The first graphic novel of its kind, Witchbody is a meandering synthesis of autoethnography, magic theory, and philosophical speculation. It is full of wonder at what it can mean to learn and teach and change and grow in this world which belongs to all of us: you, me, plants, trees, coffee cups and garbage bins. What can it mean to be a witch today, in the city?

2016 Doug Wright Spotlight Award Nominee

2016 LGBT Youthline Outstanding Achievements in
Post-Secondary Academic Environment Award

I made this work as – more or less – my Masters thesis in Environmental Studies and Sustainability Education. It seemed pointless to write a stuffy paper that perhaps only three or four people would ever read. I wanted to make something that was an exhale containing my soul, and so I decided to make a comic book about magic. Magic is my lifeblood, it is my lens, it is how I feel and interact with others. It is all of those things, and more. This book is an illustrated essay about how techniques of magic can re-orient the practitioner to see non-human bodies and relationships in different ways.
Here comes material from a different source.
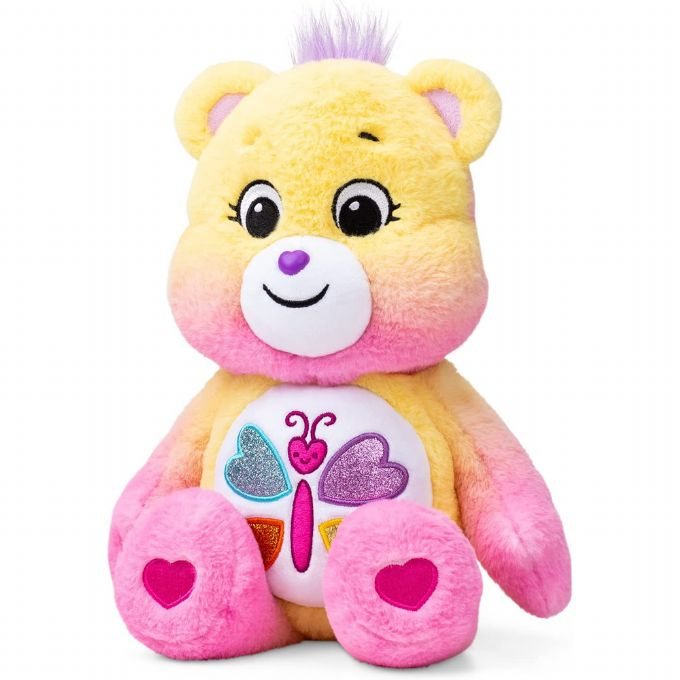 Care Bears Calming Heart Teddy Bear 36cm version 4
Part activist, part academic, part rant, part poetry, part magic: all illustrated.

My practices as an illustrator, writer, and witch are all intermingling, entangled. These creative processes are my way of working out similar things using different methods and media, but the creative fire that emerges comes from the same inspiration and intuition. I want to help push forward conversations about magic, life, death, change, transformation, environment, learning, growing.

I want to help us see our own stories, and to encourage the writing of new ones.

I created this book to be a talisman.

It will show you your relationship to it, where you have touched it and where you have been. It will draw your attention to the marks you are always making. It will show you that it can mark you, too.

Risograph printed, black ink never really dries. While it will never get on your clothes, after extended reading you may find your fingers stained just slightly, and on each creamy page, if you look closely, you’ll be able to see fingerprints (inky, yours): barely noticeable. This book is about objects. It is about how the world pushes back on us, how it shapes our bodies, creates our forms, curates our creations.

Will you accept its invitation?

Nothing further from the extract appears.